Lines from the line with "Play-Doh Stamp 'n Top Pizza Oven Toy" to the line with "Samsung Handys /" in the entries below, and only those, must be output exactly, with both ends included.
____ DATA EXTRACTS
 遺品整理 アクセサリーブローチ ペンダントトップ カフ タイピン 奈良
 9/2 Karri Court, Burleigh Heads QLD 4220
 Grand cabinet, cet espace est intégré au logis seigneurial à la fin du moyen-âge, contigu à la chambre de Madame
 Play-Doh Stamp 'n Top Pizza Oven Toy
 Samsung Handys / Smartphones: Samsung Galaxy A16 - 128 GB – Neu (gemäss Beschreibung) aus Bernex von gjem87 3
________
____ DATA EXTRACTS
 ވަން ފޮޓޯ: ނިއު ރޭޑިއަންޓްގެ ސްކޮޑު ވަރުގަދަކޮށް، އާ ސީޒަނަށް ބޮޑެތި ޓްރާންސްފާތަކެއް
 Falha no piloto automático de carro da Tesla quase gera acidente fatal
________
## OUTPUT
 Play-Doh Stamp 'n Top Pizza Oven Toy
 Samsung Handys / Smartphones: Samsung Galaxy A16 - 128 GB – Neu (gemäss Beschreibung) aus Bernex von gjem87 3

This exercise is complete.